[Web page caption snippets]

+ + + +

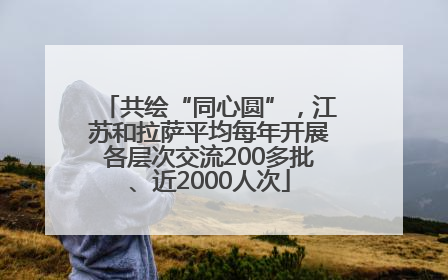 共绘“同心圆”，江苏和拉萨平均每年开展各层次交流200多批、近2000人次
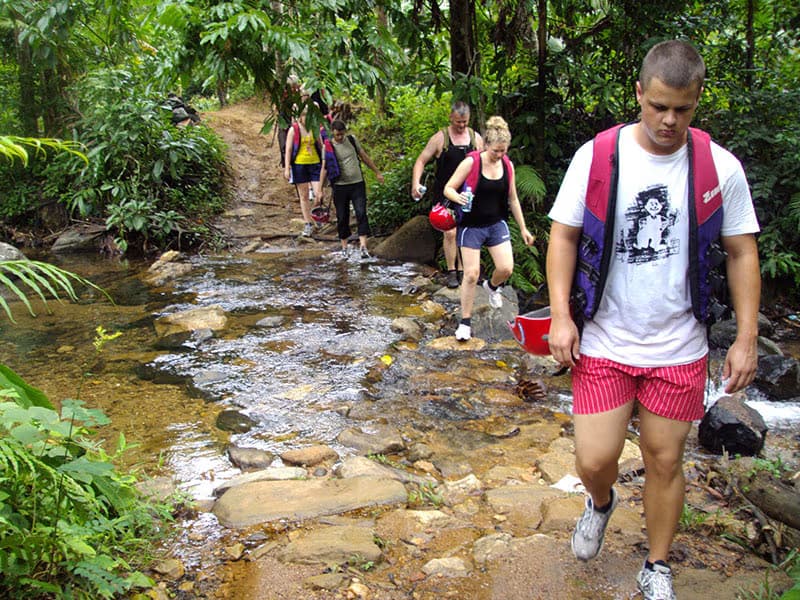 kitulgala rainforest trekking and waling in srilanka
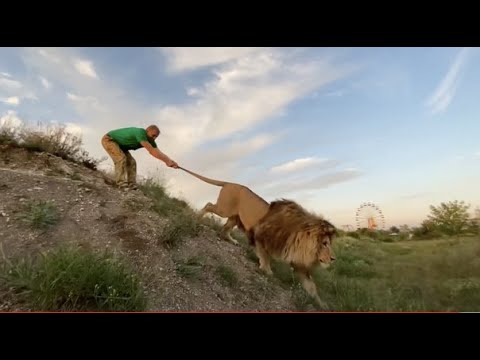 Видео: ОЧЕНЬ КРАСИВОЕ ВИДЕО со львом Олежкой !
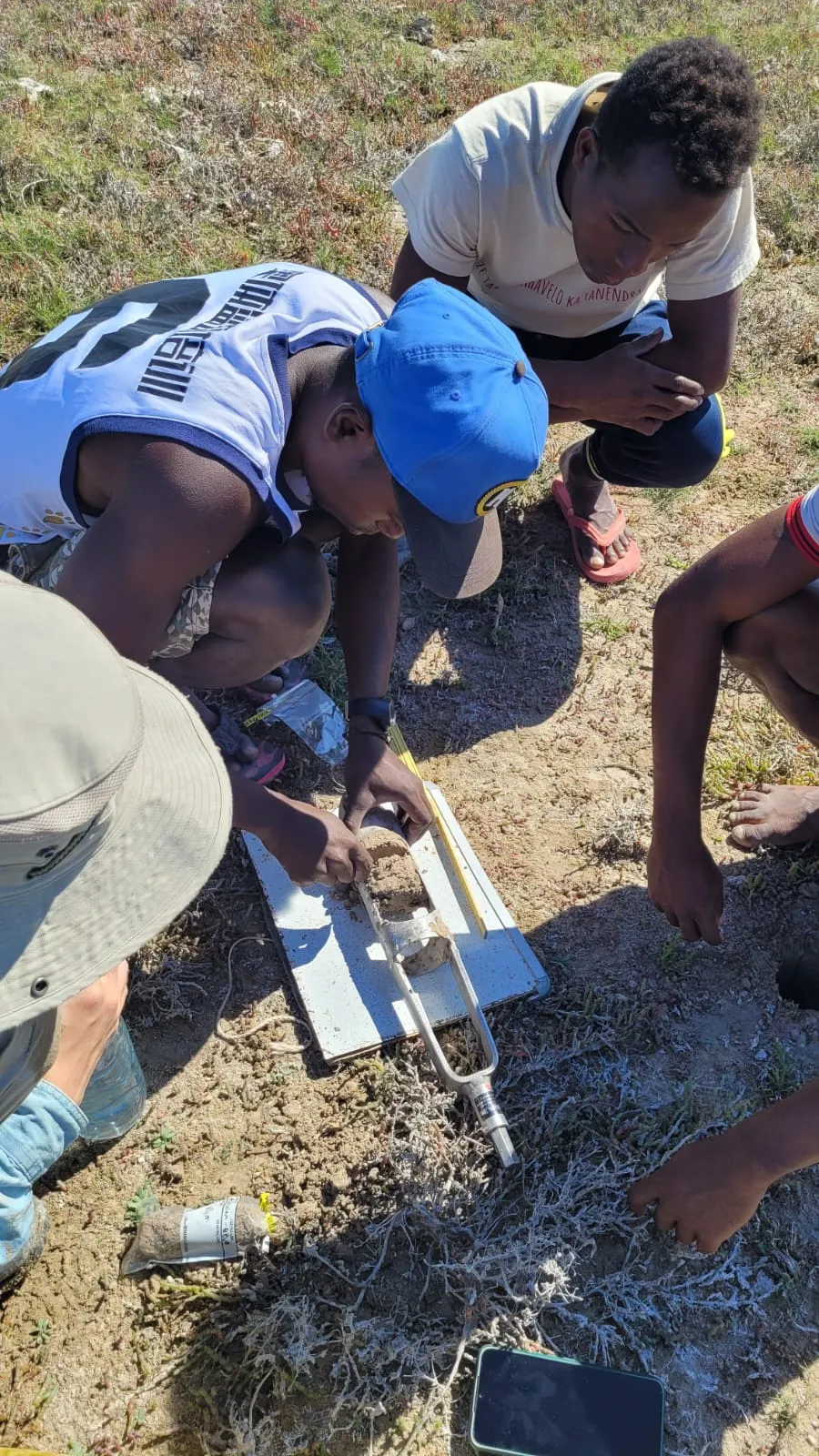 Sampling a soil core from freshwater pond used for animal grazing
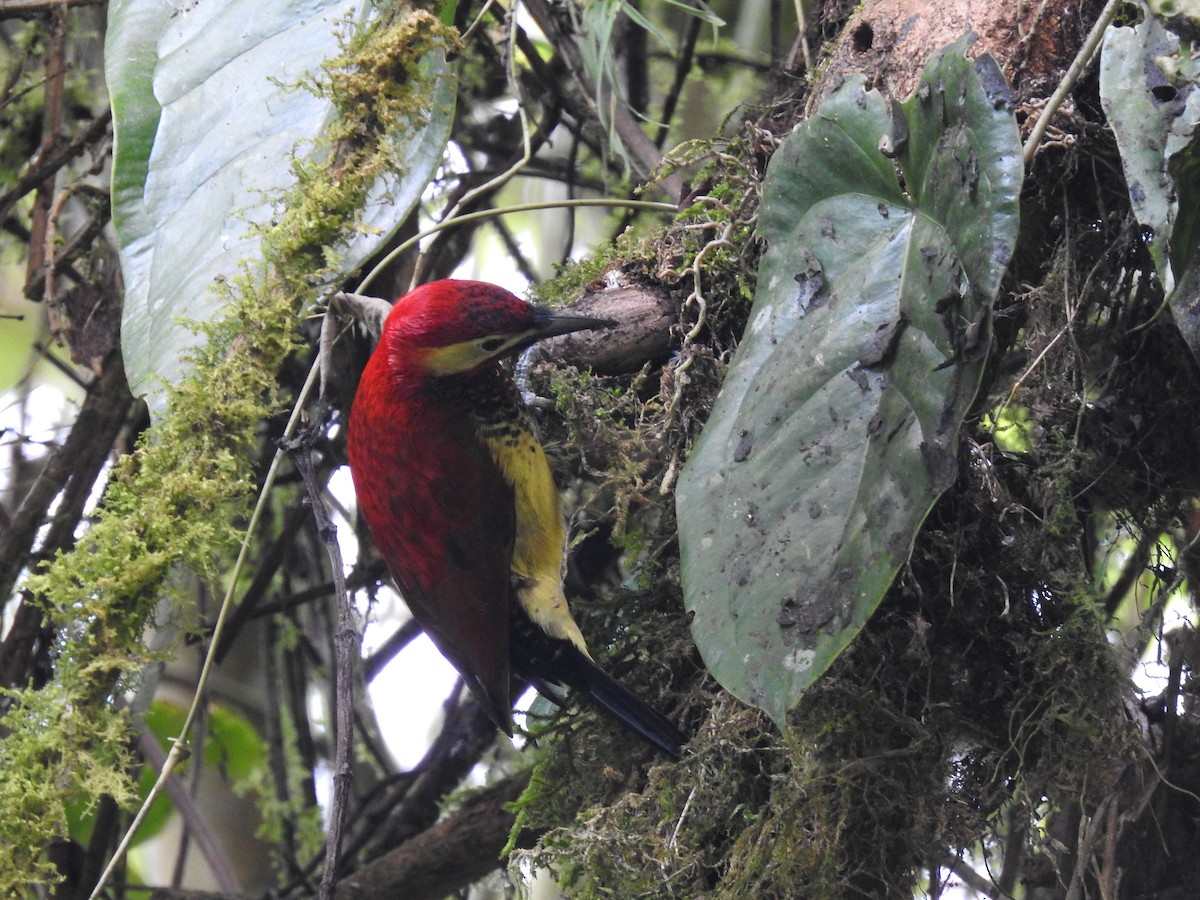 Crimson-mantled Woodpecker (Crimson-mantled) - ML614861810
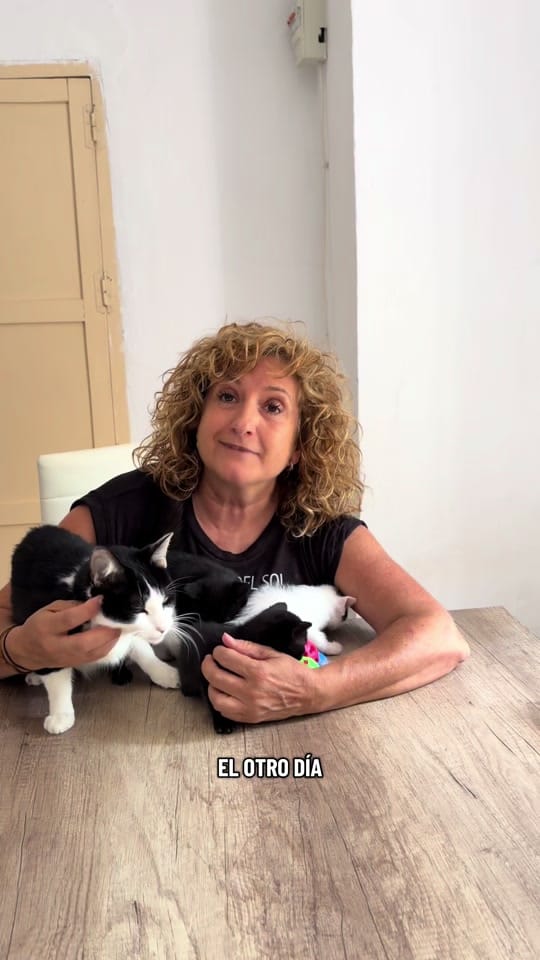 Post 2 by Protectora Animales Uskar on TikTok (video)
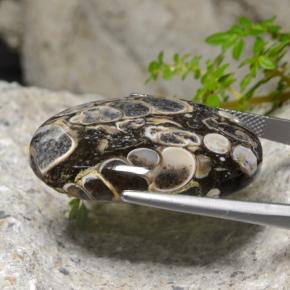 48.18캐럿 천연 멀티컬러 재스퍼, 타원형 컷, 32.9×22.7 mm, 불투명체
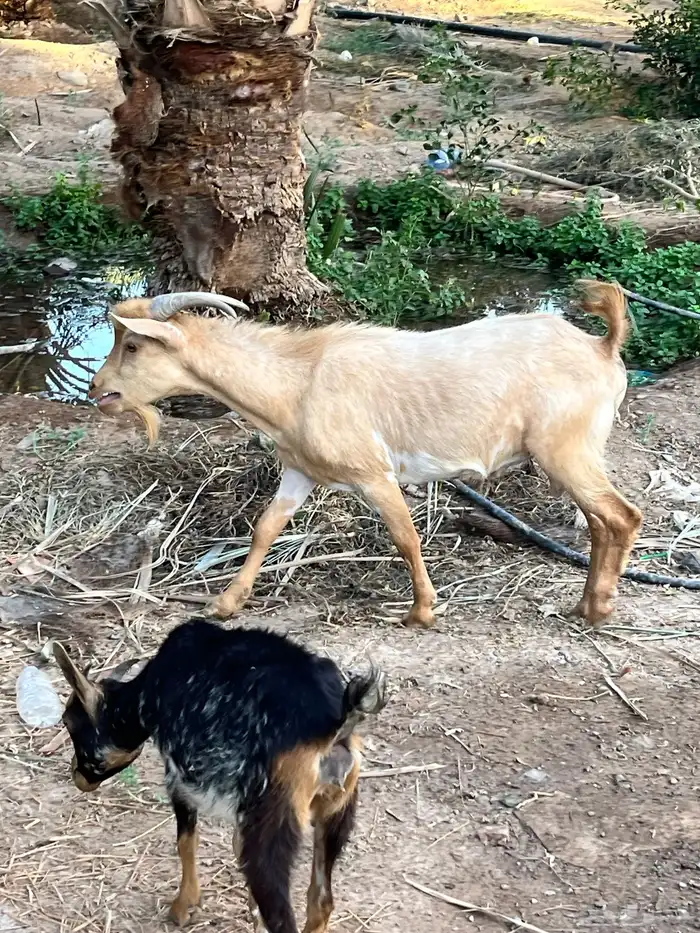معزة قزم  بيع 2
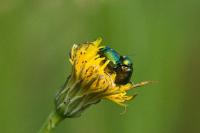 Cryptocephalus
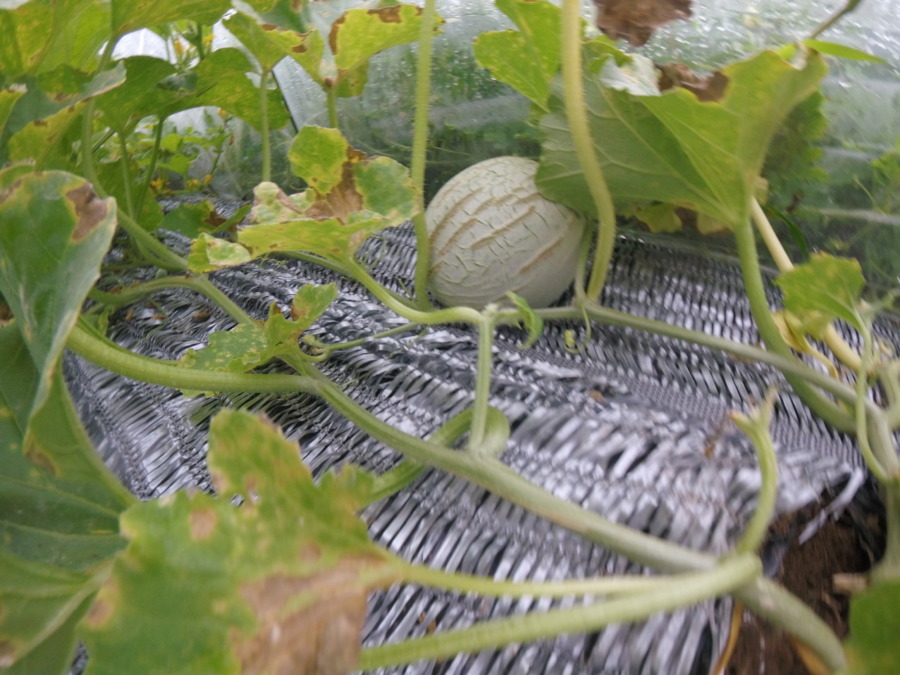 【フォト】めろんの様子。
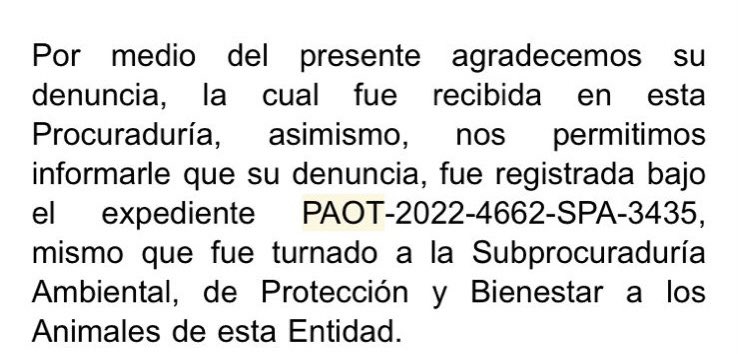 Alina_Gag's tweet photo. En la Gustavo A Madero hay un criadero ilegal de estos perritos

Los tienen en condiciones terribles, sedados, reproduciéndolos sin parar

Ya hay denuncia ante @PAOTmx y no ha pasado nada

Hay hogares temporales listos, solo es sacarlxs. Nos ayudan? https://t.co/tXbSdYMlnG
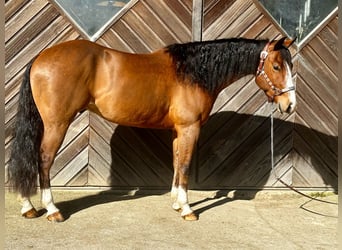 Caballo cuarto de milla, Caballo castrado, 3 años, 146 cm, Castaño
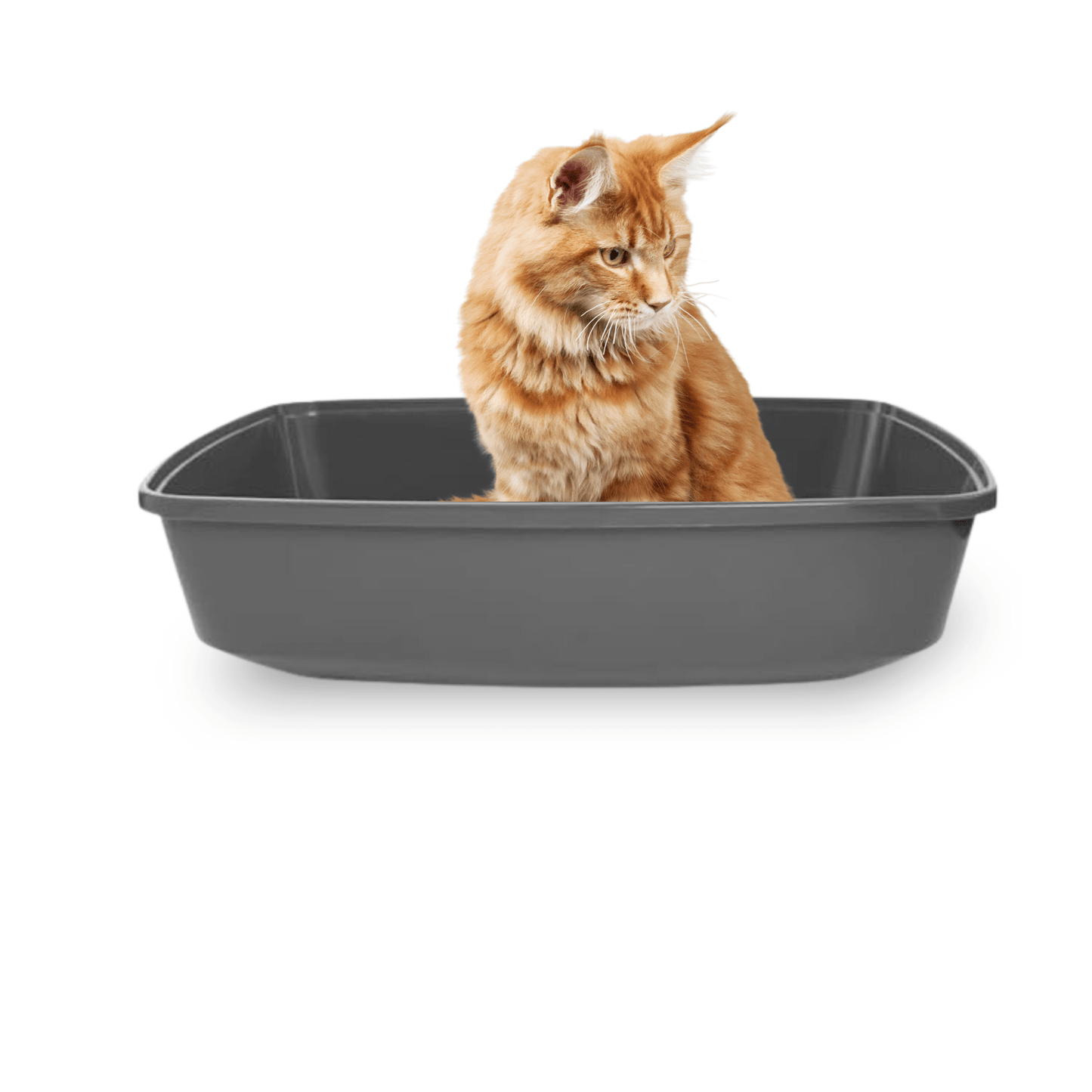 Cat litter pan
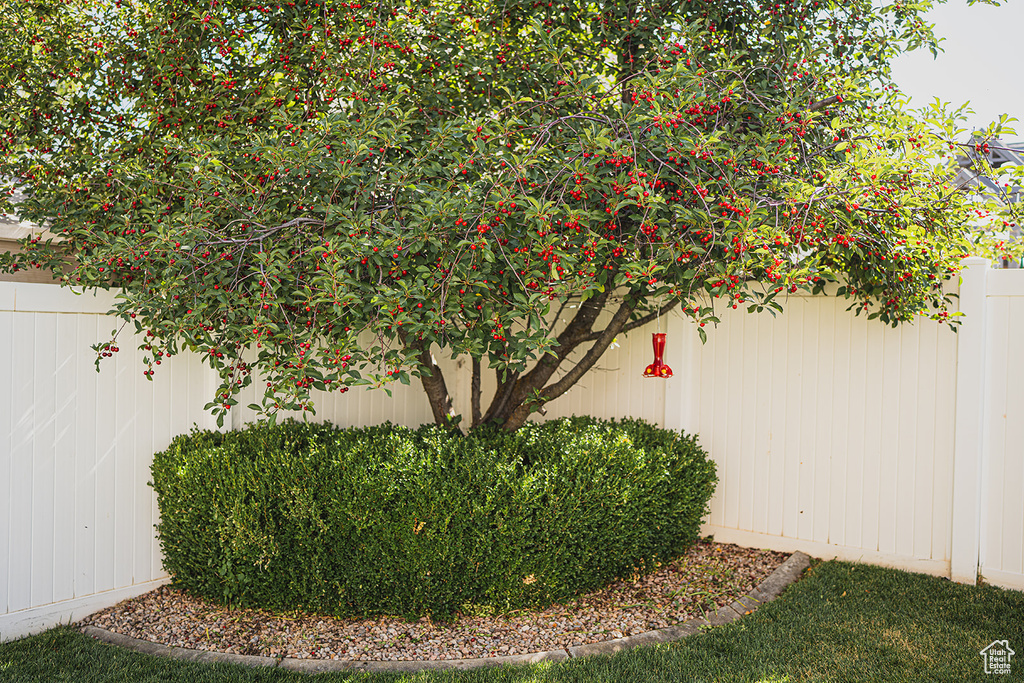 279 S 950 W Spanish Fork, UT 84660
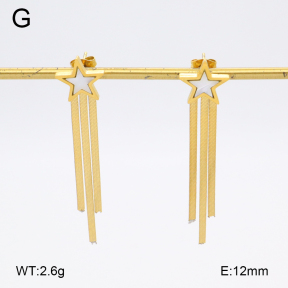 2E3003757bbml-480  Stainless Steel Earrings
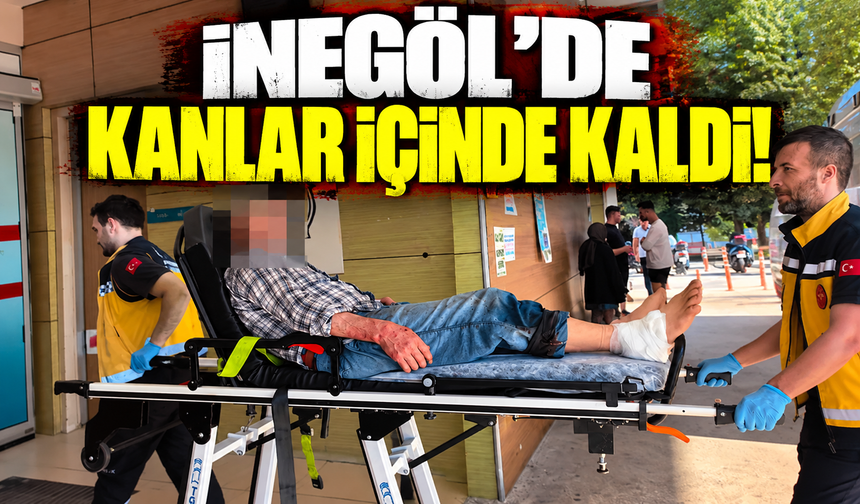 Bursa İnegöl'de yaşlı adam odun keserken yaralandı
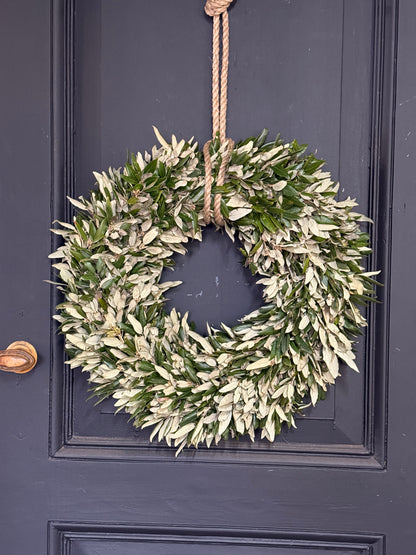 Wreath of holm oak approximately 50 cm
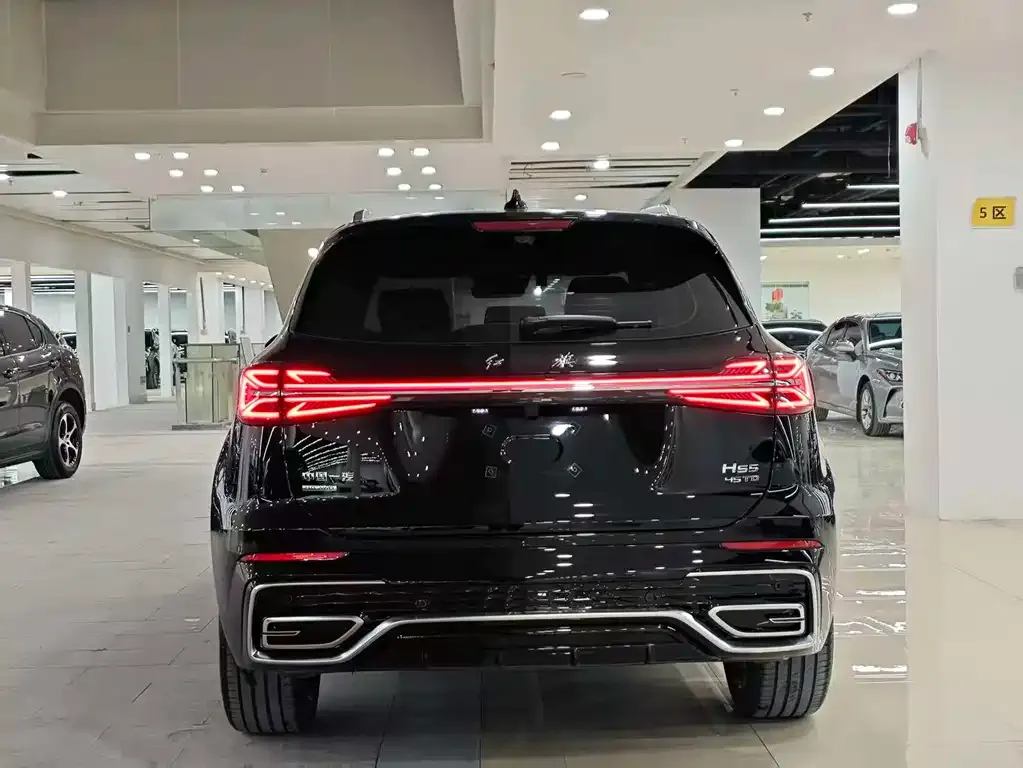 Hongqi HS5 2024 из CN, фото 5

+ + + +

**Task description**.
With the pictures left out, copy exactly the lines from the one containing "Cat litter pan" through the last line of the data.

**Worked solution**.
 Cat litter pan
 279 S 950 W Spanish Fork, UT 84660
 2E3003757bbml-480  Stainless Steel Earrings
 Bursa İnegöl'de yaşlı adam odun keserken yaralandı
 Wreath of holm oak approximately 50 cm
 Hongqi HS5 2024 из CN, фото 5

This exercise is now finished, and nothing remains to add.